Tous ce que vous avez toujours voulu savoir sur…le sperme et la morbidité

La qualité du sperme peut être appréciée de manière qualitative et quantitative. Ce fluide biologique, pour être d’un genre particulier, n’en possède pas moins quelques points communs avec les autres fluides de l’organisme. Sa composition est notamment un reflet de la spermatogenèse qui est elle-même liée à une multitude de paramètres et de régulations physiologiques. La teneur en spermatozoïdes dépend de facteurs tout aussi multiples, mais ce paramètre aisément mesurable est indéniablement corrélé à l’état biologique de l’individu, voire à son état de santé. D’ailleurs, il s’agirait, selon certaines sources et hypothèses, d’un marqueur biologique de la morbidité, voire de la mortalité à long terme, encore que rares soient les études consacrées à ce sujet qui suscite un intérêt épidémiologique des plus modérés.

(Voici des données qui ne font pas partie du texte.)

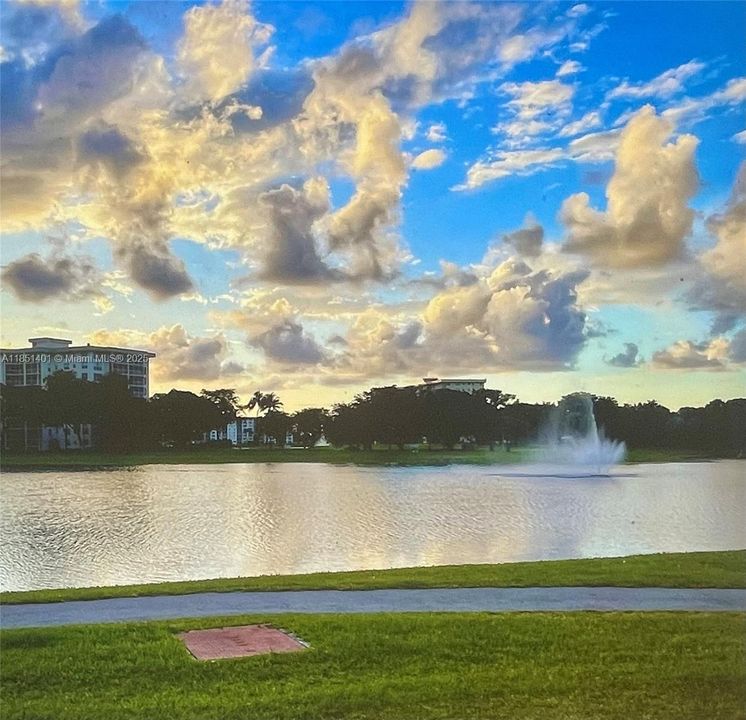 Recientemente alquilado: $1,600 (1 camas, 1 baños, 900 Pies cuadrados)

Une étude prospective réalisée au sein du centre hospitalier de Frederiksberg (Danemark) s’est néanmoins penchée sur la question. Elle a reposé sur un registre, en l’occurrence le Danish National Patient Registry qui a permis de suivre une cohorte de 5 370 hommes inclus entre 1977 et 2010, alors qu’ils avaient consulté pour bilan d’une stérilité. Le suivi a porté sur 4 712 d’entre eux, jusqu’à leur décès ou encore la fin de l’étude. Une classification a été établie en fonction des hospitalisations et de leurs motifs, ainsi que des pathologies suivantes : maladie cardiovasculaire (MCV), diabète, cancer du testicule ou de la prostate.

Moins d’hospitalisations à venir avec un spermogramme de qualité !

Une association a été établie entre une concentration de spermatozoïdes < 15 millions/ml et le risque d’hospitalisations, soit un hazard ratio (HR) estimé à 1,5 (intervalle de confiance à 95 %, IC, 1,4-1,6), comparativement aux valeurs > 40 millions/ml. Une relation similaire a été mise en évidence pour le risque d’hospitalisation pour MCV ou diabète, avec un RR là aussi estimé à 1,4 (IC, 1,2-1,6). La probabilité d’une hospitalisation s’est également avérée plus élevée en cas de faible mobilité des spermatozoïdes ou encore d’un nombre total réduit dans l’éjaculat. Les concentrations particulièrement élevées de spermatozoïdes, de l’ordre de 195 à 200 millions/ml, sont également de bon aloi, puisqu’elles ont été associées à une première hospitalisation bien plus tardive, soit 7 ans plus tard en moyenne versus les faibles teneurs en spermatozoïdes (< 0,5 millions/ml).

En d’autres termes, un spermogramme de qualité serait un gage sinon de bonne santé à long terme, du moins de morbidité moindre, avec à la clé moins d’hospitalisations notamment pour MCV ou diabète. La qualité du sperme semble donc être un puissant biomarqueur de l’état de santé général, mais elle ne semble pas annoncer une longévité hors normes, la moindre morbidité étant déjà une bonne nouvelle. Cette étude épidémiologique va au demeurant dans le sens des hypothèses qui ont été formulées de longue date sur ce sujet, exception faite de la mortalité.

Dr Philippe Tellier

Référence
Latif T et coll. : Semen Quality as a Predictor of Subsequent Morbidity: A Danish Cohort Study of 4,712 Men With Long-Term Follow-up. Am J Epidemiol., 2017 ; 186: 910-917.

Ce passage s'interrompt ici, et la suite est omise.